Julius J. Frank and Everett P. Wheeler, both of New York City, for Standard
Varnish Works.
[248 U.S. 395] Mr.
Clarence Bishop Smith, of New York City, for The Bris. [248 U.S. 396]
Mr. Justice McKENNA delivered
the opinion of the Court.
This case was submitted
with Nos. 449 and 450, 248 U.S. 377 , 39 Sup. Ct. 147, and No. 479, 248
U.S. 387 , 39 Sup. Ct. 149, being a suit in admiralty, as they were, to
recover prepaid freight upon a shipment of articles of merchandise which
were not carried to destination, the carriage having been prevented by
action of the government. Judgment was rendered for libelant and the case
taken to the Circuit Court of Appeals.
The case is here on certificate
from that court (254 Fed. 987), induced, as the court recites, by its decision
in the case of International Paper Co. v. The Schooner Gracie D. Chambers
(No. 479), to review which a certiorari has been granted by this court.
The facts as certified are
these:
'On August 17, 1917, varnish
belonging to libelant was shipped by it in the port of New York for Gothenburg,
Sweden, upon the steamship Bris, consigned to the Allmanna Svenska Elektriska
A. B. Westeras, and the agents for said ship thereupon delivered to libelant
a bill of lading, of which a copy is annexed hereto, which formed a contract
between libelant and claimant in reference to said goods. Particular reference
is made to clause 6, clause 7 and the next to last clause of the bill of
lading. The libelant paid in advance the freight mentioned in said bill
of lading. At the time of said shipment, shippers were required to obtain
export licenses from the British government on cargo of this class, and
were also required by the United States Statutes to obtain export licenses
from the United States government in connection with such articles as the
President should, by proclamation, designate.
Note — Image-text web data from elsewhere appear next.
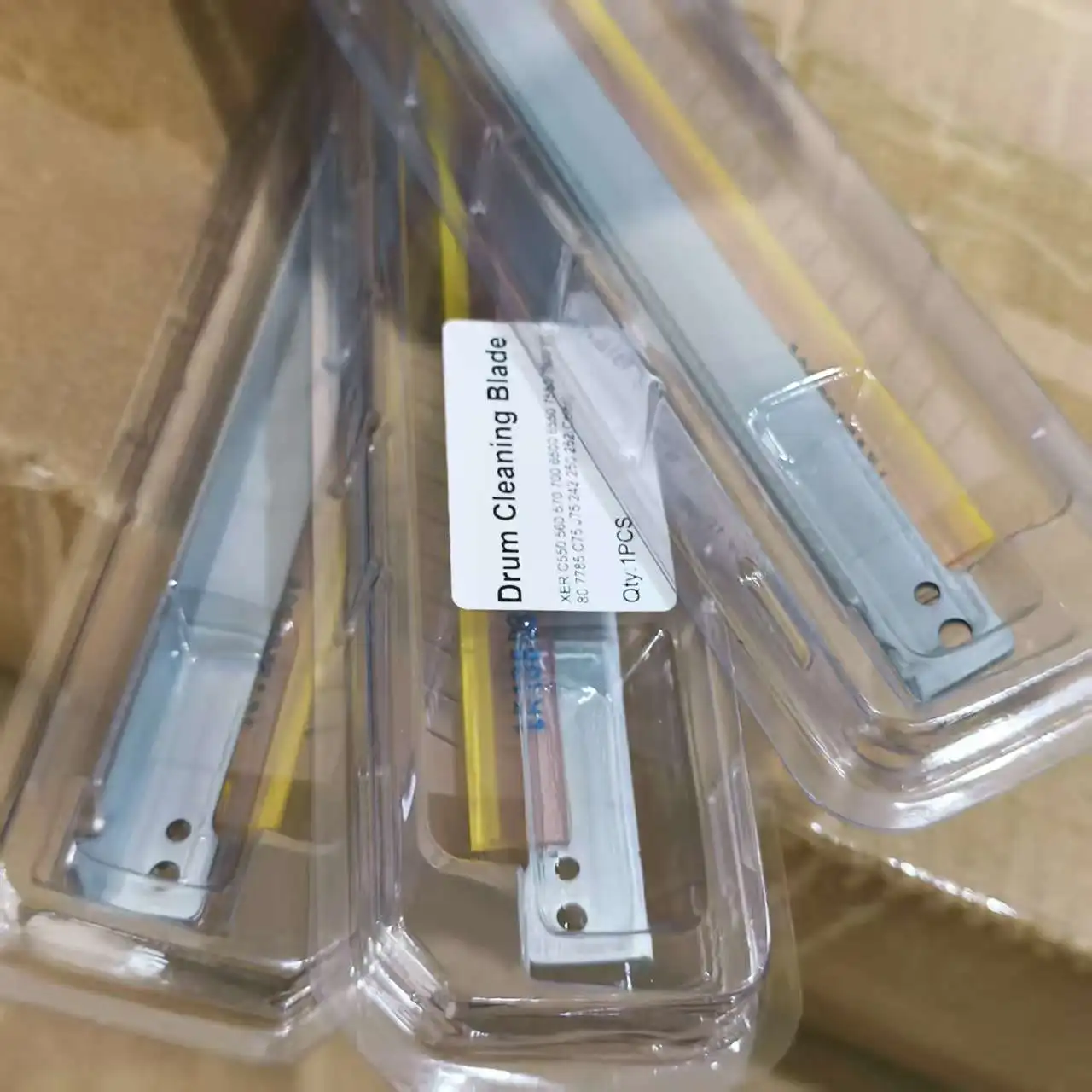 ใบมีดทำความสะอาดดรัมสี DC240 คุณภาพดั้งเดิม 3 ชิ้น สำหรับเครื่องถ่ายเอกสาร Xerox DC 240 250 242 252 260 550 560 570 DCP 700 700i C75 J75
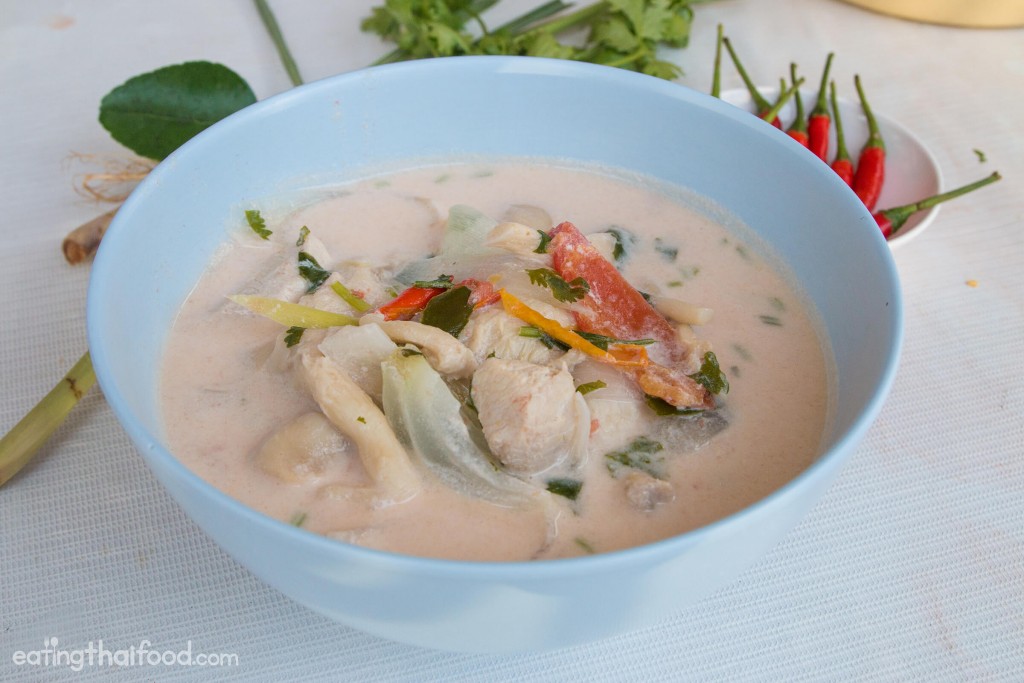 Tom Kha Gai Recipe (วิธีทำ ต้มข่าไก่) - Authentic Thai Style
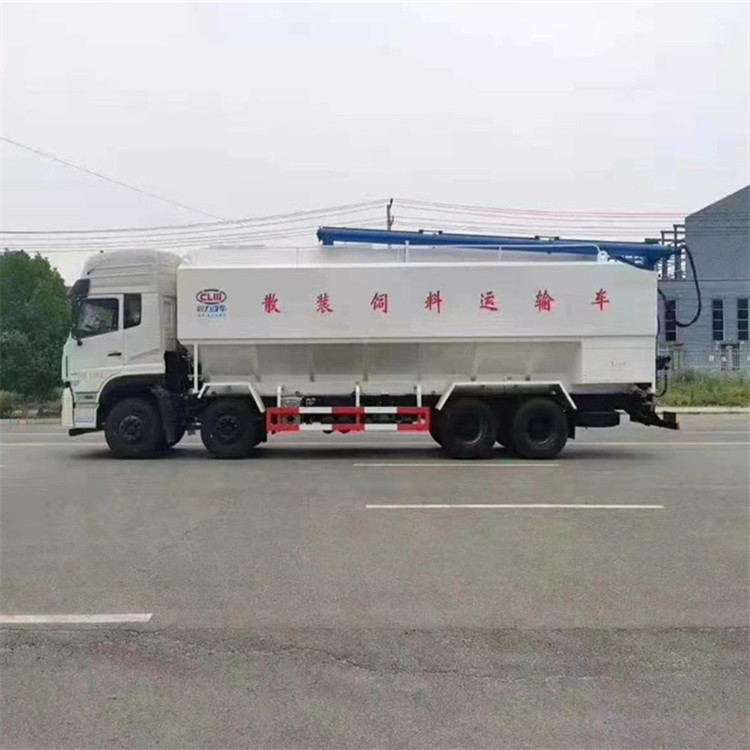 东风小型饲料运输车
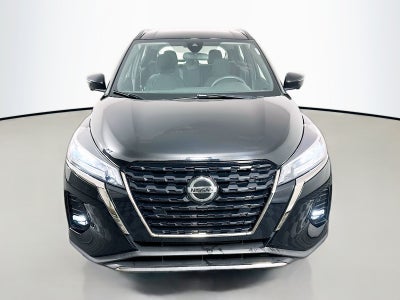 2021 Nissan Kicks SR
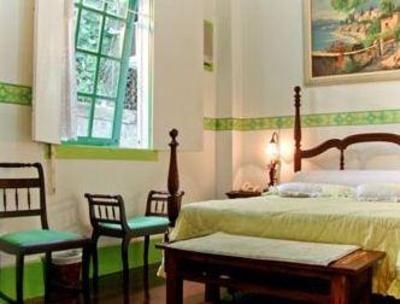 фото отеля Guest House Ana Clark
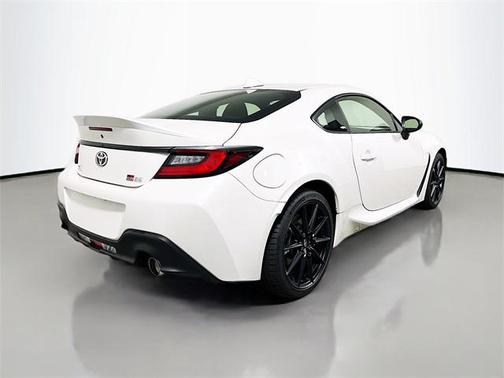 2025 Toyota GR86 Premium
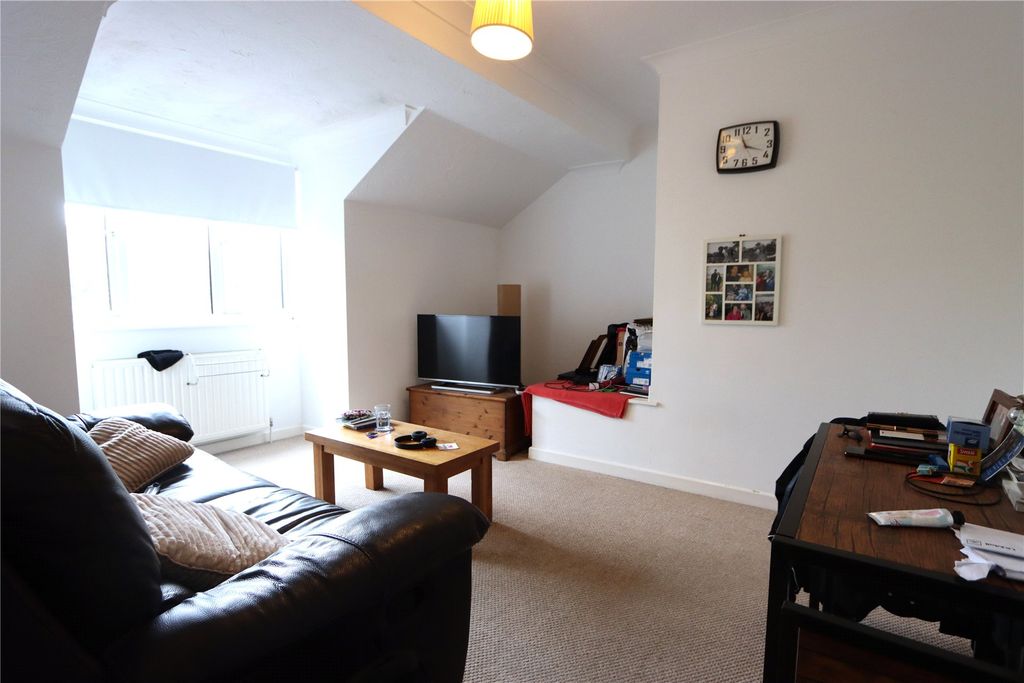 Property photo 2 of 5 Picture No. 06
At the time that said shipment
was made the President had designated certain articles as to which licenses
[248
U.S. 397]must be thus procured when destined for Gothenburg, Sweden,
but varnish was not included among them. At the time of shipment, the libelant
presented a license which it had procured from the British government.
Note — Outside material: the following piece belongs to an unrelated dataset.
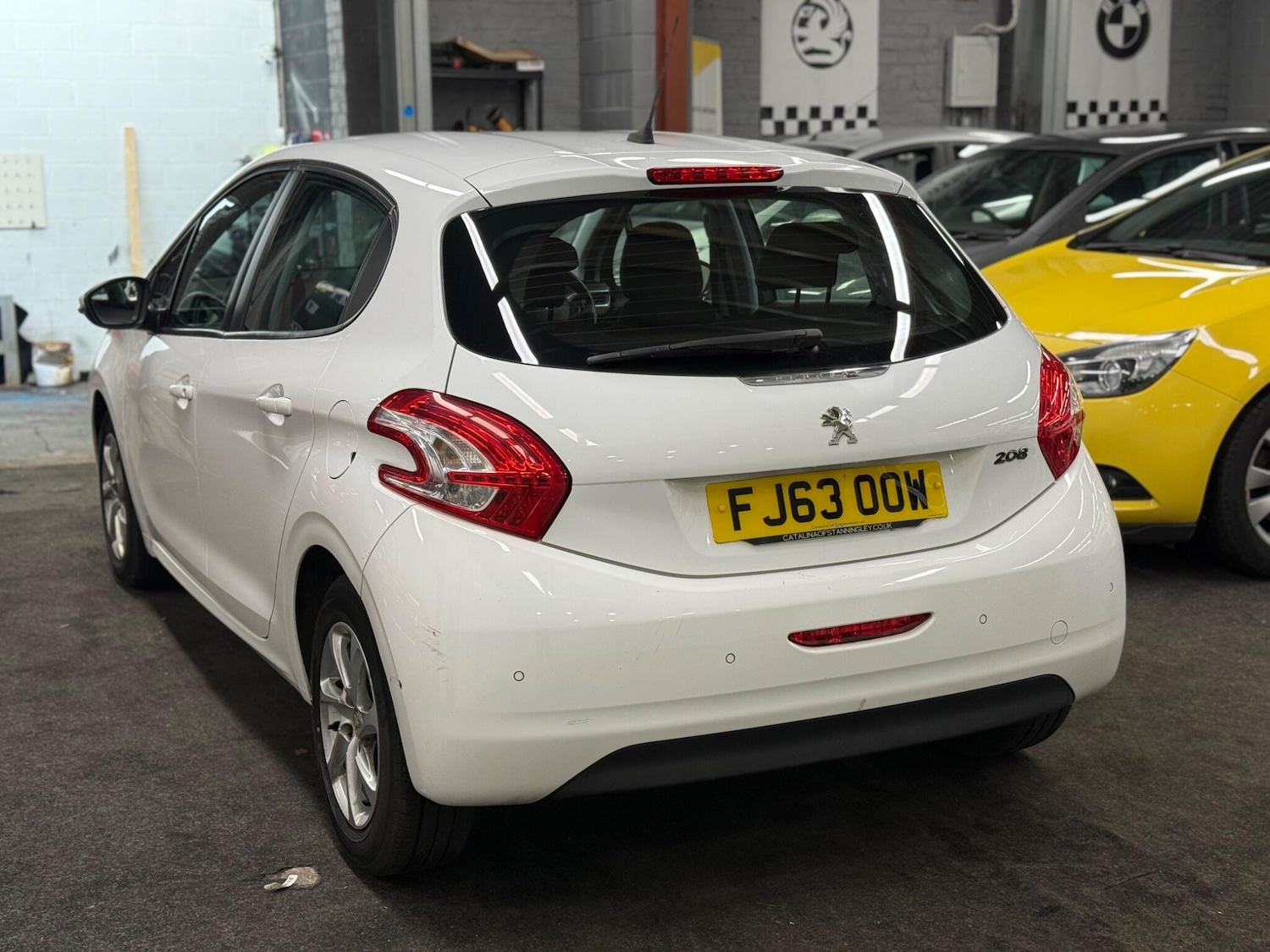Used Peugeot 208 2013 for sale - 77670472: Photo 6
On August 27, 1917, the President made a further proclamation, effective
August 30, 1917, whereby shippers of varnish and all other cargo destined
for Gothenburg, Sweden, were required to procure licenses before the same
could be exported. The libelant thereupon made application for such a license,
and the claimant held its vessel in port until October 8th, to see if such
licenses could be procured, before beginning the discharge of the cargo.
Unless shipments were accompanied by the aforesaid licenses they were not
allowed by the men-of-war belonging to the Allies to proceed to destination.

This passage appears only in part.